Timing Redundancy in Telecommunication Systems
A white paper
—by Slobodan Milijevic, Senior Applications Engineer,
Zarlink Semiconductor
In a typical
telecommunication product, all cards are synchronized to the same
clock. The failure of this clock disrupts the data traffic on all
cards. To avoid this problem and increase network reliability,
telecom products are designed with at least two clocks — active and
redundant. If the active clock fails, the system avoids failure by
switching to the redundant clock. This article outlines the
importance of clock redundancy, presents two methods (parallel and
serial) used to implement timing redundancy, and discusses the
advantages and disadvantages of both approaches.
Highly reliable operation

Figure 1: Functional diagram of a typical telecommunication product |
Telecommunications systems must provide highly reliable operation
under all network conditions. To do this, the most critical
components within the system are made redundant. A typical
telecommunications product is a 19-inch standard telecom rack
populated by up to 18 one-inch vertically inserted cards.
As shown in Figure 1, a typical system is comprised of two control
cards and multiple line cards that communicate over a common
backplane. The two control cards are identical and run in parallel.
Only one control card is active at any given time, and the other
takes over if the first fails. Switching from one control card to
the other should not cause any interruption or failure in the
system.
The control card includes a system control processor, switching
fabric and system timing. It is important to note that in more
complex, larger systems, timing is implemented on separate cards to
further increase the flexibility of the product. This article covers
only the timing aspects of telecommunication systems.
Timing card architecture

Figure 2: Block diagram of a typical timing card |
Having two timing cards protects against an internal failure where
one of the cards fails. To protect from external clock reference
failures, the timing cards are designed to be able to synchronize to
more than one reference.
A timing card accepts references from multiple sources, selects one,
cleans it from phase noise with a digital phase locked loop (DPLL),
and distributes it to the line cards via the backplane. The DPLL is
the most important part of the timing card. Depending on the
targeted application of the product and region of deployment, the
DPLL needs to be compliant with the appropriate timing
specifications, such as Telcordia GR-1244 CORE, Telcordia GR-253
CORE or ITU G.813. The DPLL needs to provide an array of crucial
features, including:
-
Hitless reference switching — if the reference the DPLL is locked
to fails, the DPLL will lock to another available reference without
phase disturbances at its output.
-
Holdover mode — the DPLL constantly calculates the average
frequency of the locked reference.
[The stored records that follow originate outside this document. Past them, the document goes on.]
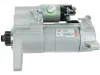 Starter 12 V 1,9 kW AS-PL S6511S Bild Starter 12 V 1,9 kW AS-PL S6511S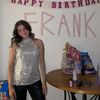 frankiesfreakquency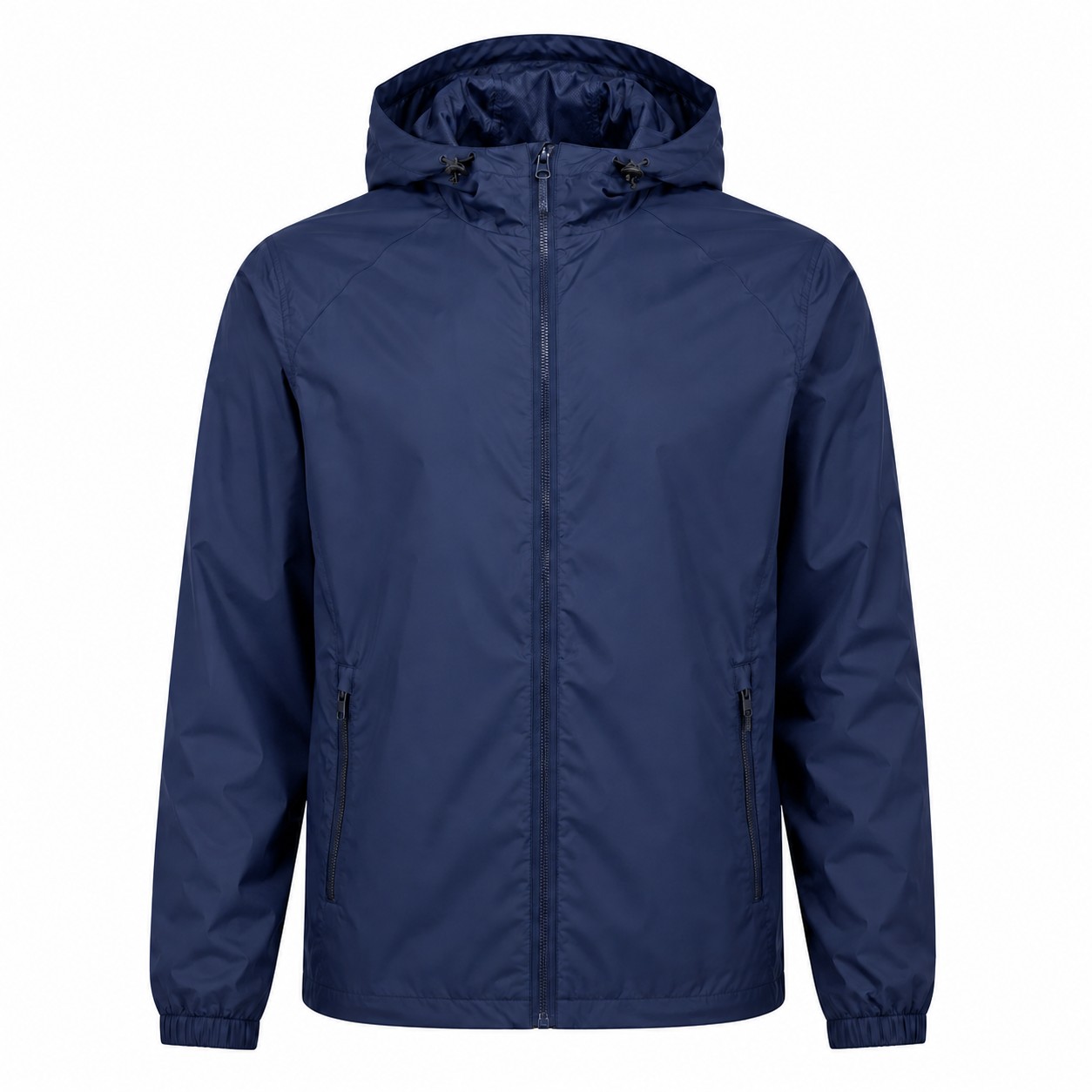 Navy Blue Drymac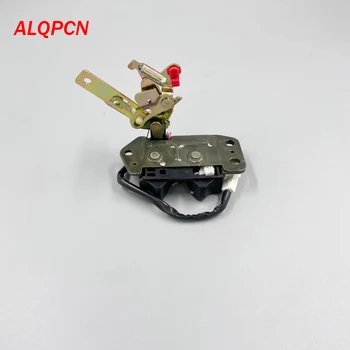 Изображение товара 0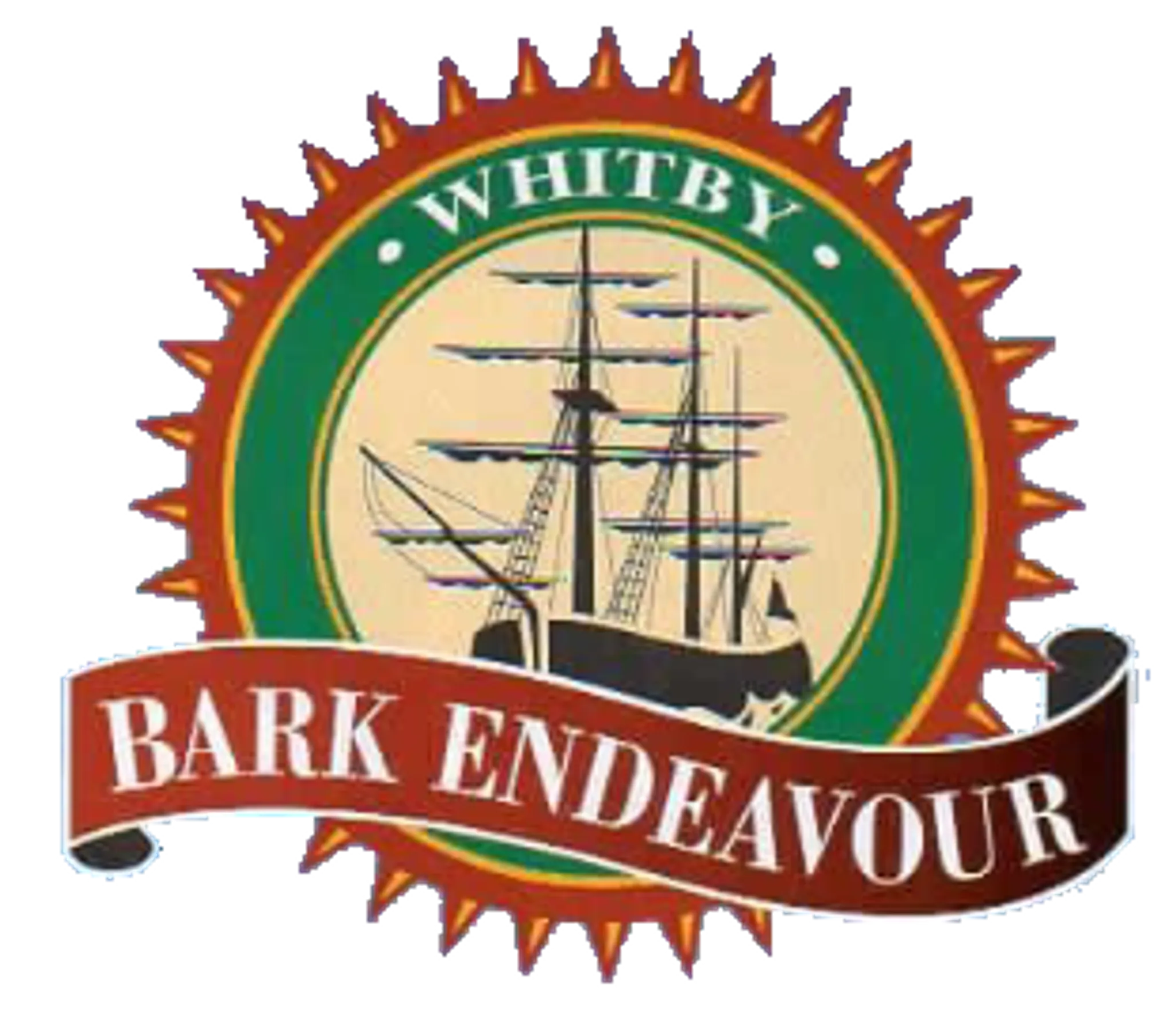 The Captain Cook Experience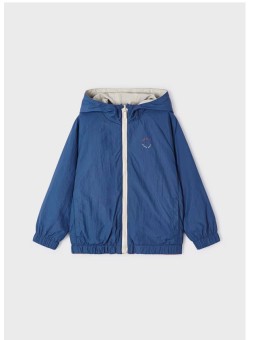 KURTKA PRZECWWIATROWA MAYORAL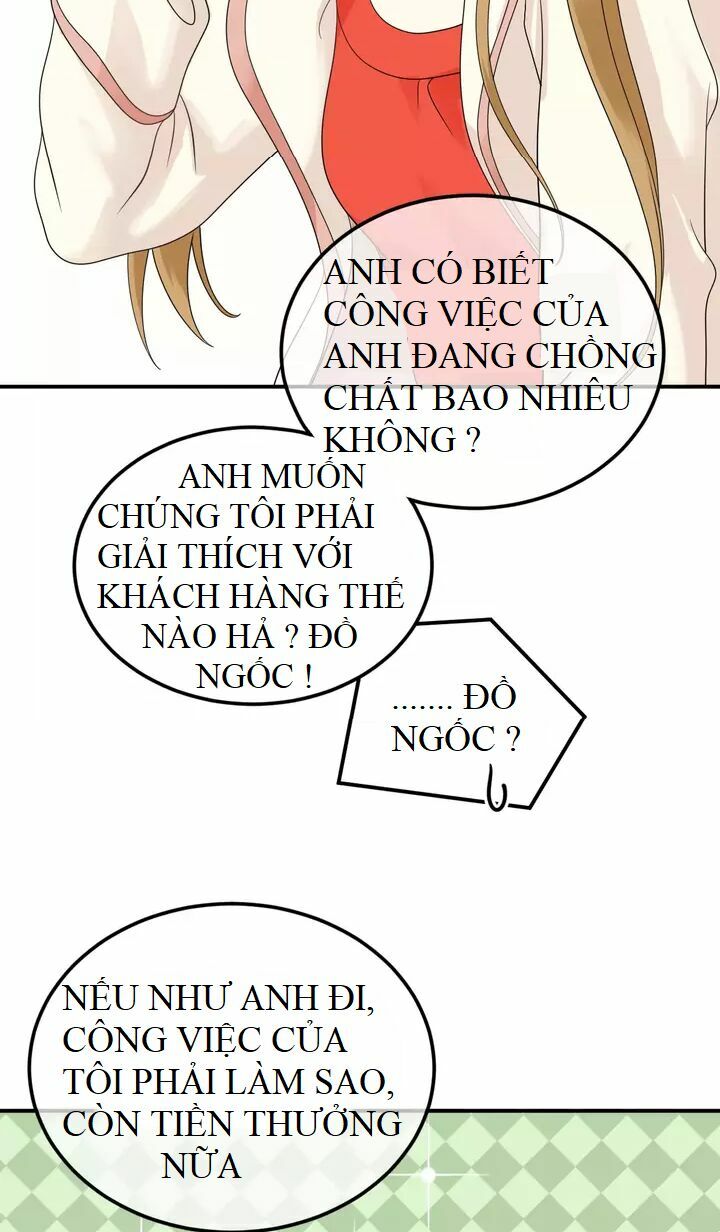 Thần Tượng Điểm Zero: Chapter 87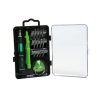 SD-9314 Pro'sKit - Set per manutenzione Apple 17 in 1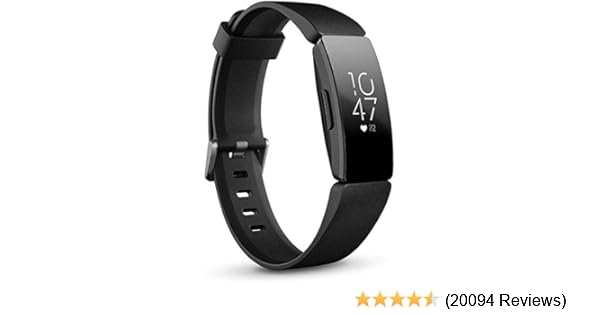 style & co watches amazon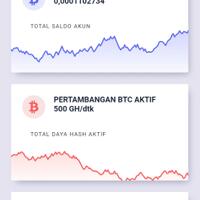 mining-coin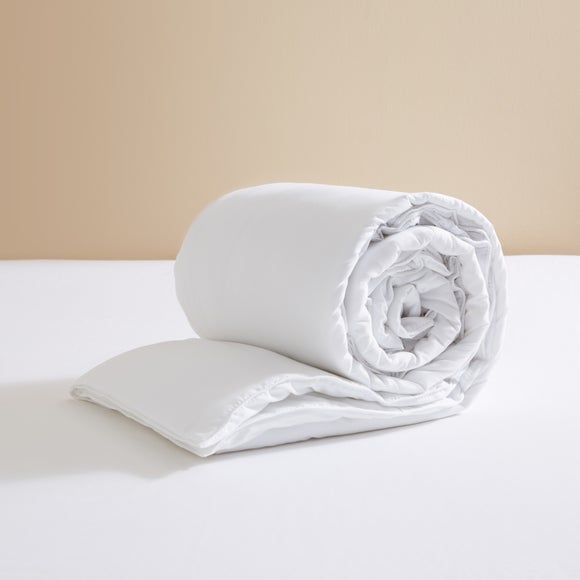 Fogarty Quick Dry 4.5 Tog Summer Duvet - image 1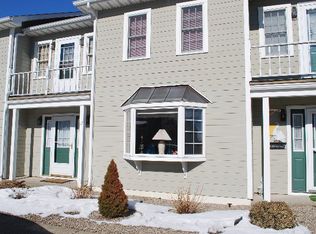 17 Wildwood Ests, Plattsburgh, NY 12901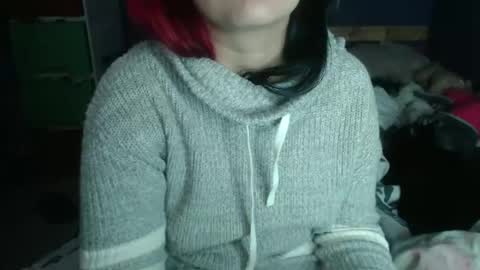 Snapshot of diana_smit_ chatting on 1, 3, 2026 diana online show from 1, 3, 2026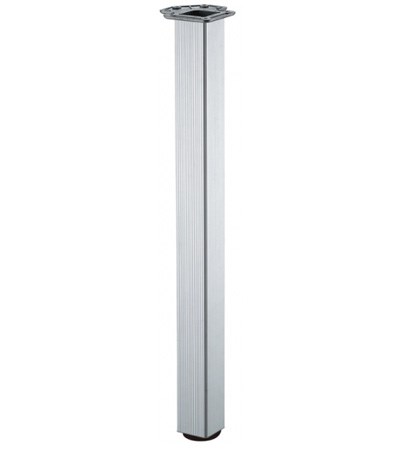 台製桌腳 ES-F100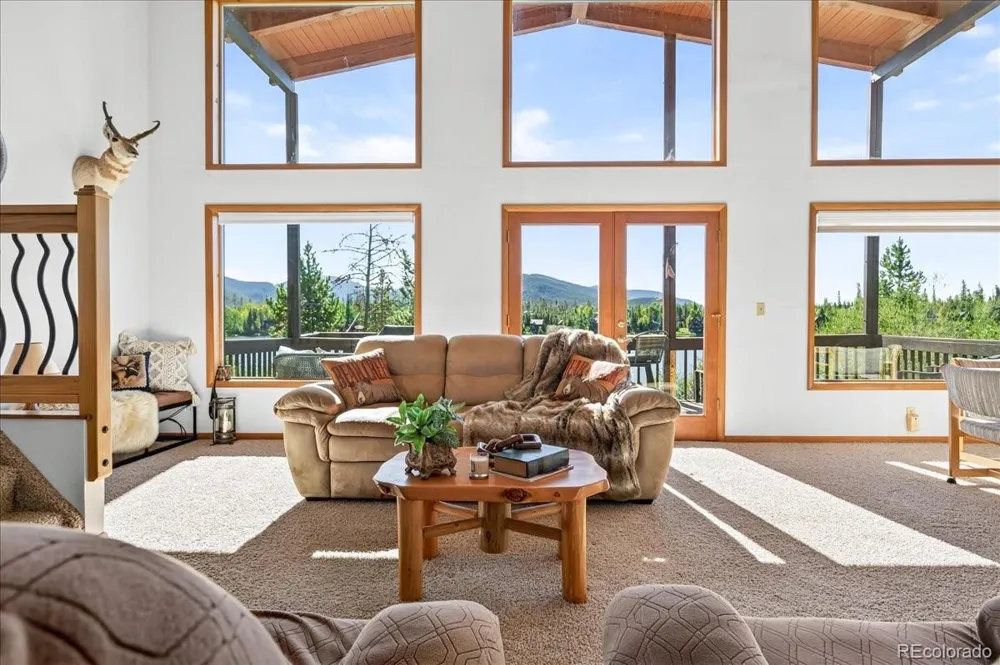 963 GCR 494 Grand Lake, CO 80447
If the reference fails and none
of the other references are available, the DPLL goes into holdover
mode where it generates an output clock based on calculated average
value. Holdover stability depends on resolution of the DPLL
averaging algorithm and on frequency stability of the oscillator
used as the DPLL master clock.
-
Reference monitoring — the DPLL needs to constantly monitor
quality of its input references. If the reference the DPLL is locked
to deteriorates — disappears or drifts in frequency — the DPLL
raises an alarm (interrupt) and switches to another valid reference.
-
Narrow loop bandwidth — the DPLL can be viewed as a phase noise
filter. The narrower the loop bandwidth, the better the phase noise
attenuation. Some specifications, such as G.813, explicitly provide
the loop bandwidth. Others, including GR-253 CORE, provide narrow
loop bandwidth specifications implicitly through the wander transfer
requirement. Ideally, the DPLL should have programmable loop
bandwidth so the timing card can be easily used for different
applications.
-
High jitter and wander tolerance — the DPLL should tolerate large
phase noise at its input and still maintain synchronization.
Timing card DPLL references can come externally from a Building
Integrated Timing Supply (BITS) or internally from line cards. The
BITS is defined as the most accurate clock in an office, and is used
as a master clock for all intraoffice equipment. The BITS can be
viewed as a stand-alone timing card, usually with Stratum 2 (0.1
parts per billion) holdover stability. The BITS is timed by two T1
signals and its outputs are distributed to equipment with T1 or
Composite Clock (CC) signals. It should be noted that BITS is a
North American term, while the rest of the world uses
Synchronization Supply Unit (SSU). Where BITS uses T1 for clock
reception and distribution, SSU uses E1 links.
All nodes in a public telecommunication network must be synchronized
to timing references that are traceable to a Primary Reference
Source (PRS). A PRS provides a clock with Stratum 1 accuracy (0.01
parts per billion). PRS can be generated from an on-site cesium
clock, or from cesium clock-controlled radio signals such as Global
Positioning System (GPS) and Long Range Navigation System, or
Version C (LORAN-C). Due to the high cost of cesium clocks, PRS
usually use GPS with LORAN-C as a backup if GPS fails. Because it is
not economically viable to have PRS at each network node, few
(usually two) nodes have their BITS synchronized directly to PRS.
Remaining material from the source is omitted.